RECORD EXTRACTS Block Start

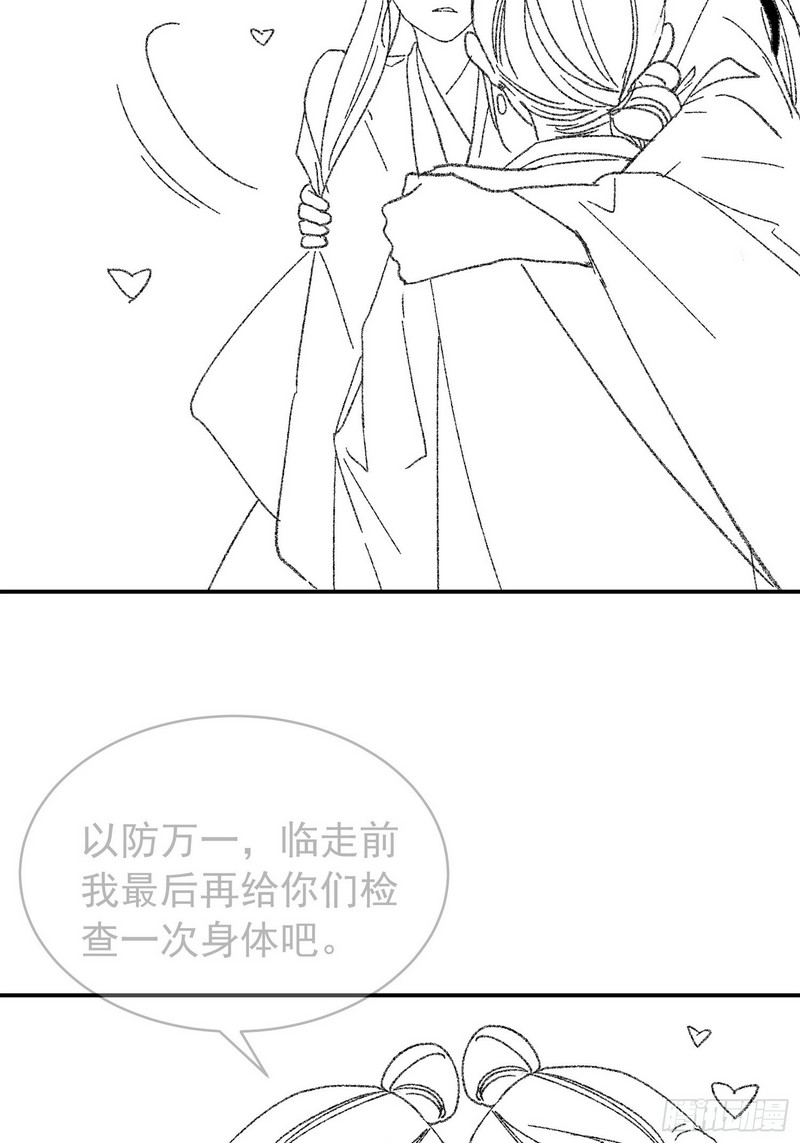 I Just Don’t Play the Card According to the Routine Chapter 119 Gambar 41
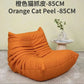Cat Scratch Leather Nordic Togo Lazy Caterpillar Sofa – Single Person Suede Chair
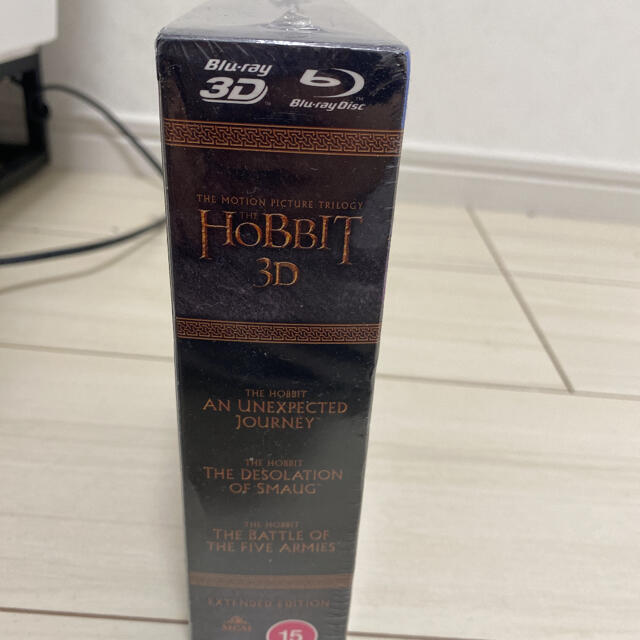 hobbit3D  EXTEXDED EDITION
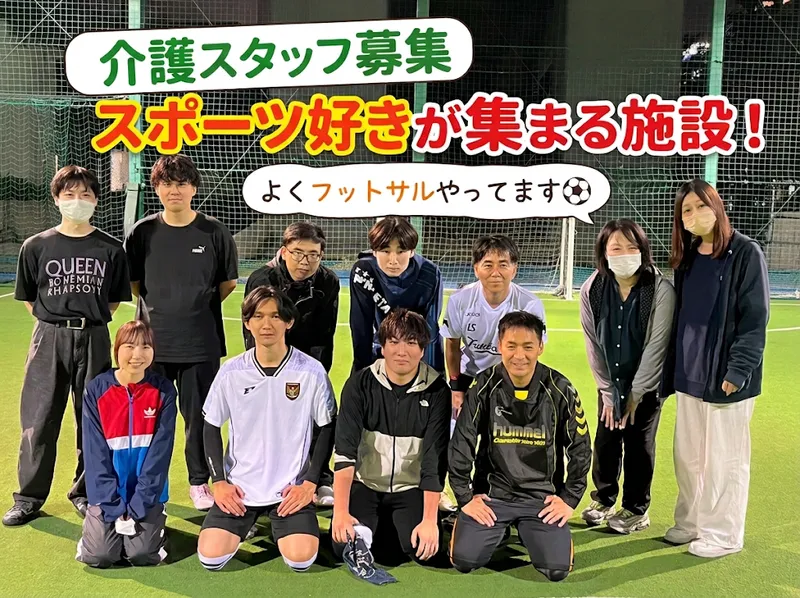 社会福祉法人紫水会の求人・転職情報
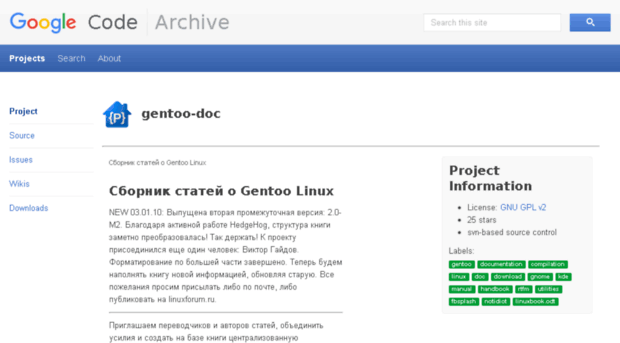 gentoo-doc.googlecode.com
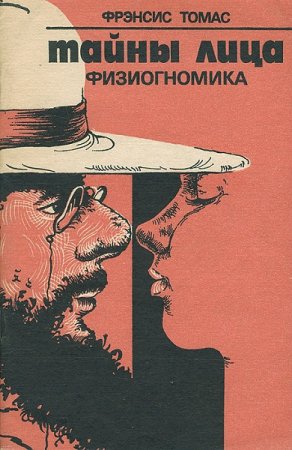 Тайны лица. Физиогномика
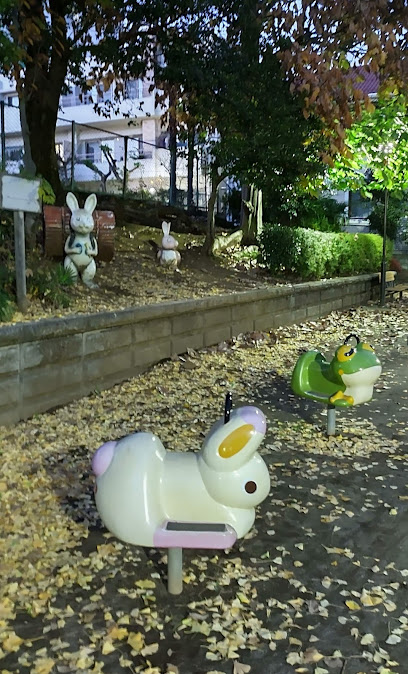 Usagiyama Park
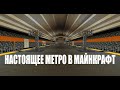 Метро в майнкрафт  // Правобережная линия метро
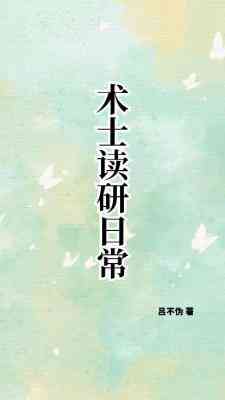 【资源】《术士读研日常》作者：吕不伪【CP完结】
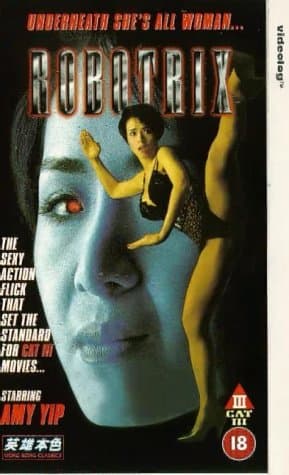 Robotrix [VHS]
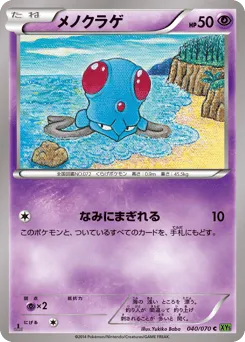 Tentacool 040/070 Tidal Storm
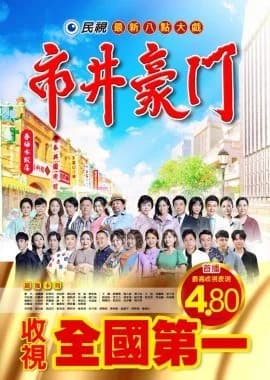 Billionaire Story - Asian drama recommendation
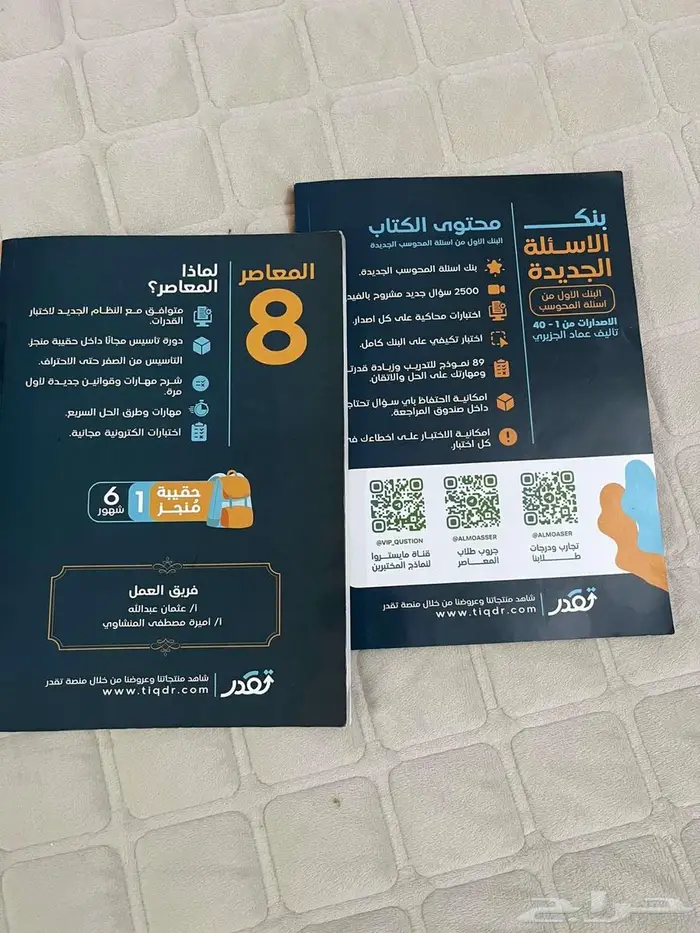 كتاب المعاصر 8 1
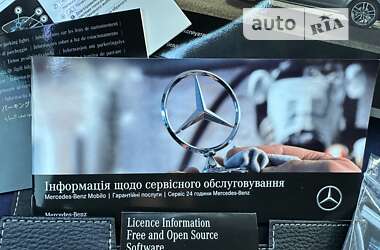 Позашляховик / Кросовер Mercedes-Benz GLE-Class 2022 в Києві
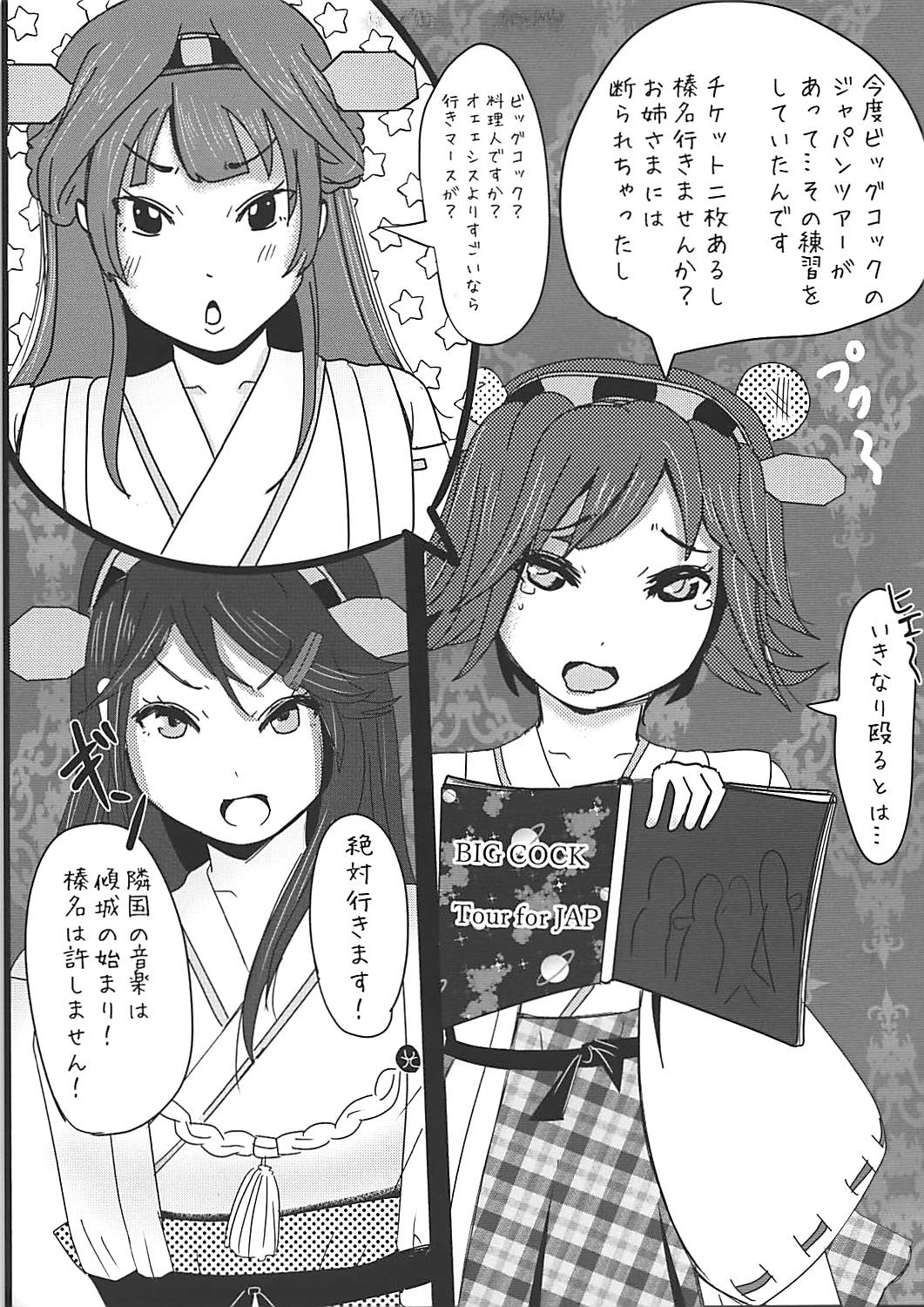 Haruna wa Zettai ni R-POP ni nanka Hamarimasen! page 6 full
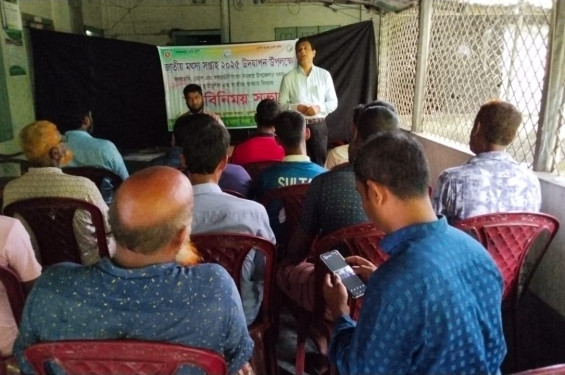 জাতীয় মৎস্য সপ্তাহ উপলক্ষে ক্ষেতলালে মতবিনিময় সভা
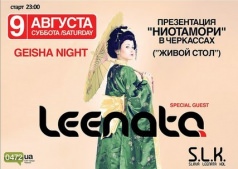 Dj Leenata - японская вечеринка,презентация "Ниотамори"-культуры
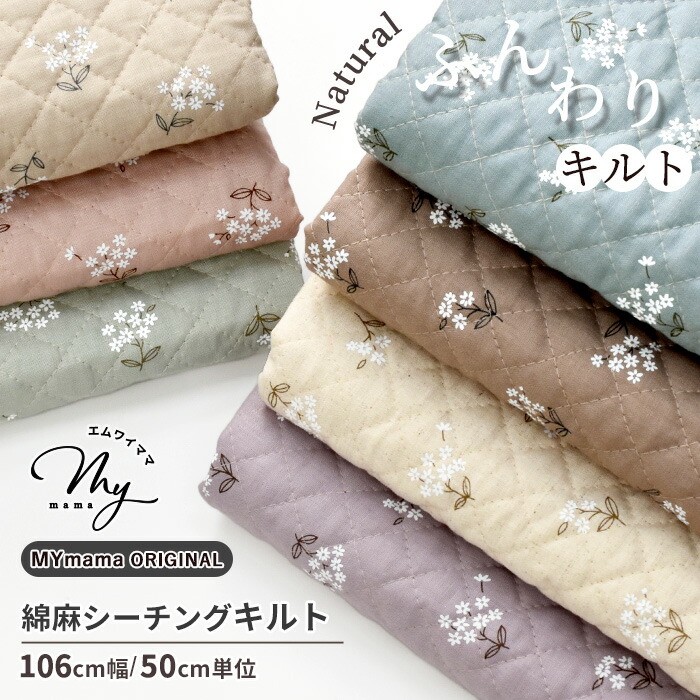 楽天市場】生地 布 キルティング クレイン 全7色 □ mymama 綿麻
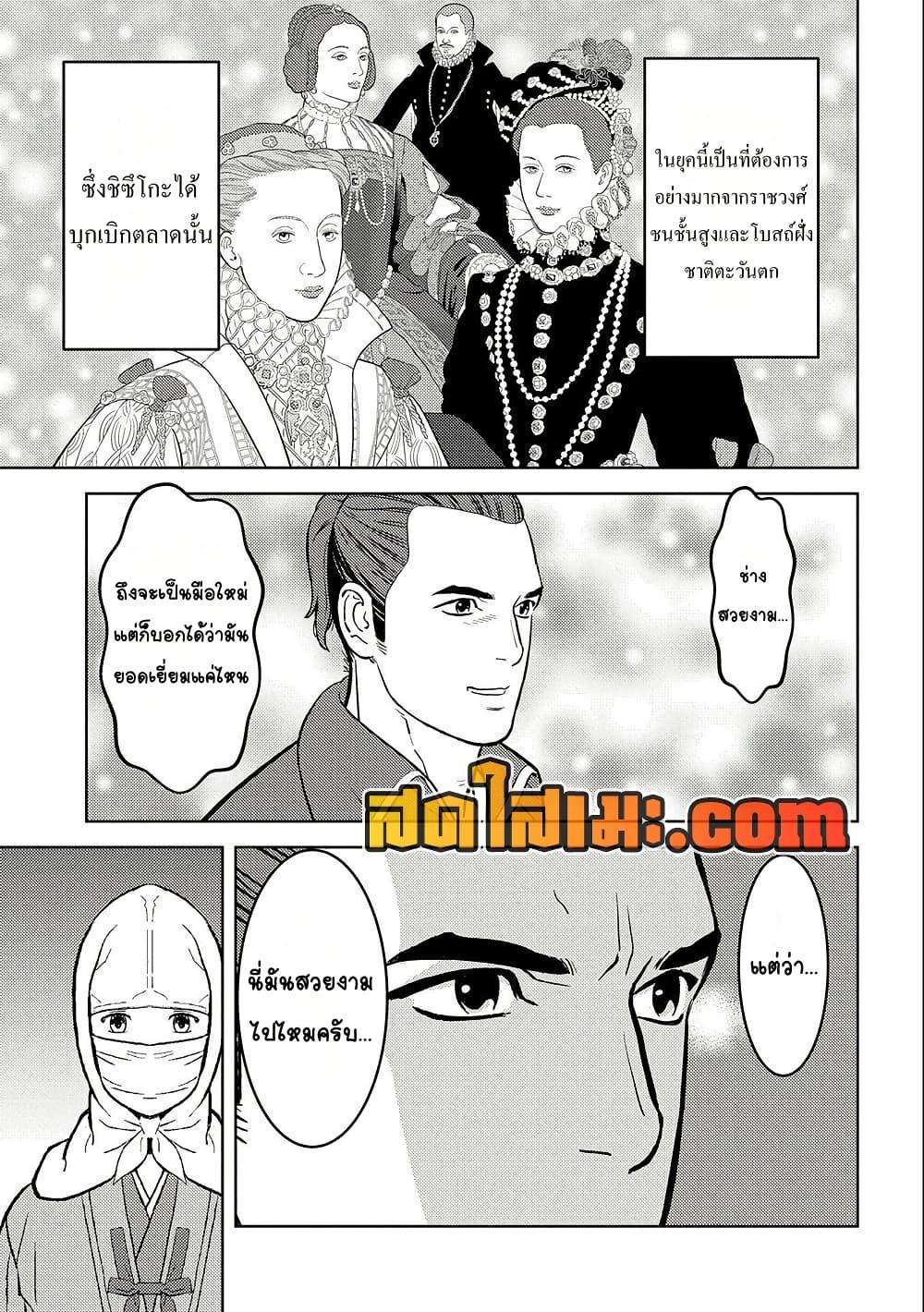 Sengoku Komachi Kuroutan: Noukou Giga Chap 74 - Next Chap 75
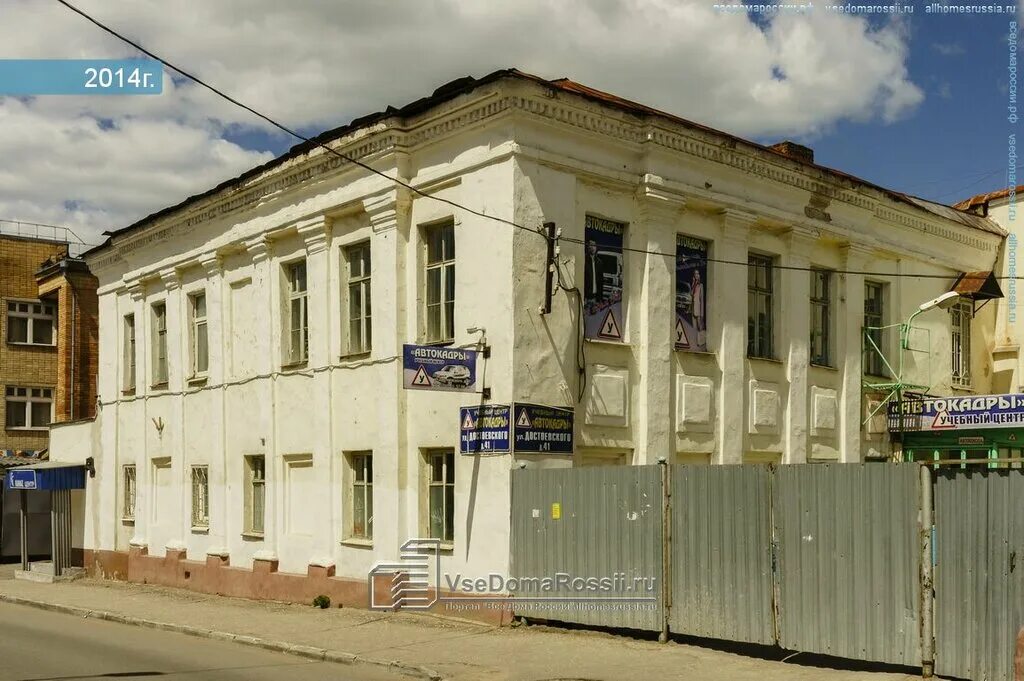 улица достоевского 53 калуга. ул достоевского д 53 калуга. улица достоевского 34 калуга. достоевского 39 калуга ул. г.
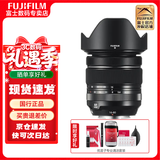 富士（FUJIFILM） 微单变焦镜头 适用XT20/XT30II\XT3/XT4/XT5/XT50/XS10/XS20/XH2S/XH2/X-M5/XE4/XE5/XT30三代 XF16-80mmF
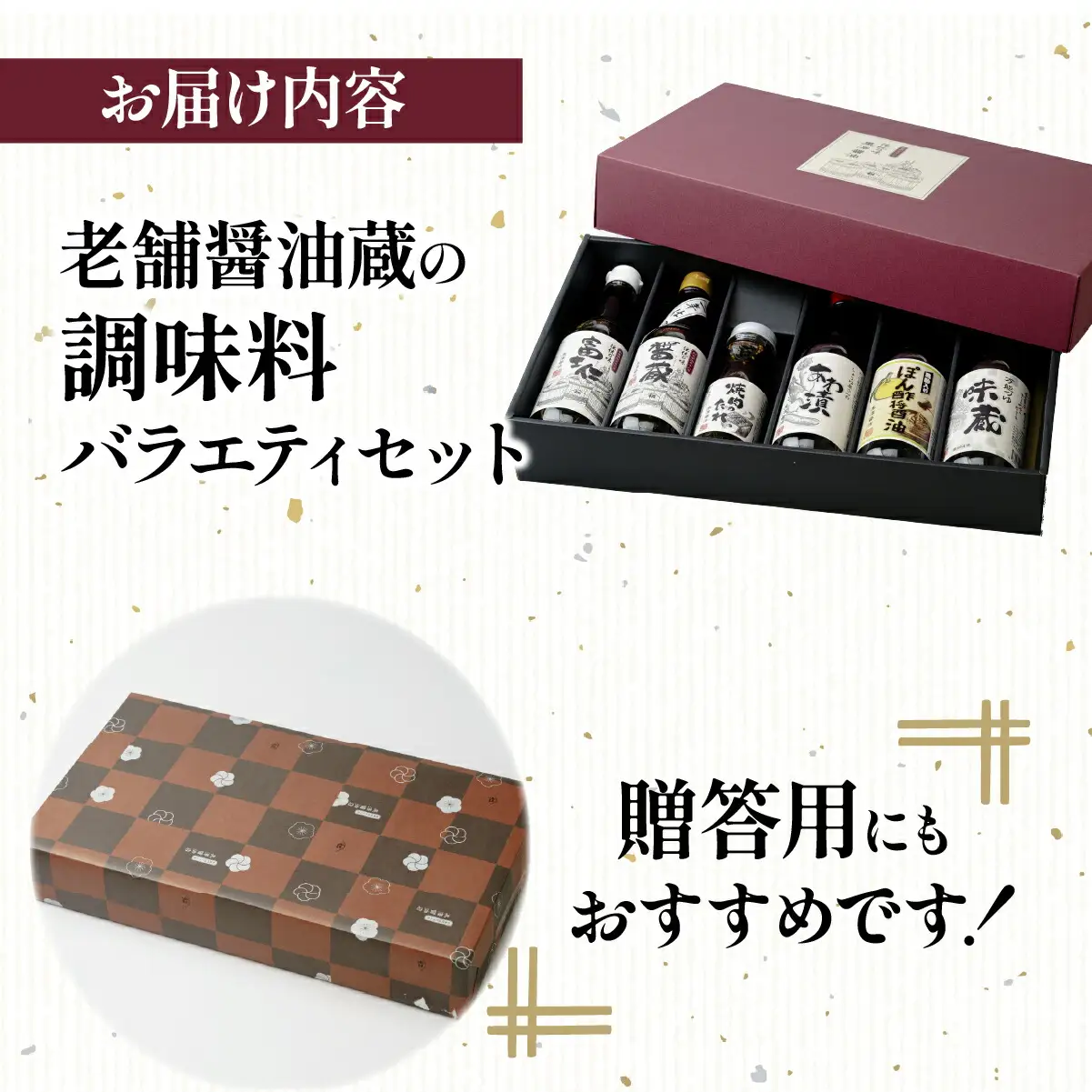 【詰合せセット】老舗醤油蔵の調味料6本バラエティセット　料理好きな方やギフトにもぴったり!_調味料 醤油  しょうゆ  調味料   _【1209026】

RECORD EXTRACTS Block End

* THE PROBLEM *
In the copy, each entry above must match exactly, and no picture may be carried over.

* OUTPUT FOR THIS TASK *
 I Just Don’t Play the Card According to the Routine Chapter 119 Gambar 41
Cat Scratch Leather Nordic Togo Lazy Caterpillar Sofa – Single Person Suede Chair
 hobbit3D  EXTEXDED EDITION
 社会福祉法人紫水会の求人・転職情報
 gentoo-doc.googlecode.com
 Тайны лица. Физиогномика
 Usagiyama Park
 Метро в майнкрафт  // Правобережная линия метро
 【资源】《术士读研日常》作者：吕不伪【CP完结】
 Robotrix [VHS]
 Tentacool 040/070 Tidal Storm
 Billionaire Story - Asian drama recommendation
 كتاب المعاصر 8 1
 Позашляховик / Кросовер Mercedes-Benz GLE-Class 2022 в Києві
 Haruna wa Zettai ni R-POP ni nanka Hamarimasen! page 6 full
 জাতীয় মৎস্য সপ্তাহ উপলক্ষে ক্ষেতলালে মতবিনিময় সভা
 Dj Leenata - японская вечеринка,презентация "Ниотамори"-культуры
 楽天市場】生地 布 キルティング クレイン 全7色 □ mymama 綿麻
 Sengoku Komachi Kuroutan: Noukou Giga Chap 74 - Next Chap 75
 улица достоевского 53 калуга. ул достоевского д 53 калуга. улица достоевского 34 калуга. достоевского 39 калуга ул. г.
 富士（FUJIFILM） 微单变焦镜头 适用XT20/XT30II\XT3/XT4/XT5/XT50/XS10/XS20/XH2S/XH2/X-M5/XE4/XE5/XT30三代 XF16-80mmF
 【詰合せセット】老舗醤油蔵の調味料6本バラエティセット　料理好きな方やギフトにもぴったり!_調味料 醤油  しょうゆ  調味料   _【1209026】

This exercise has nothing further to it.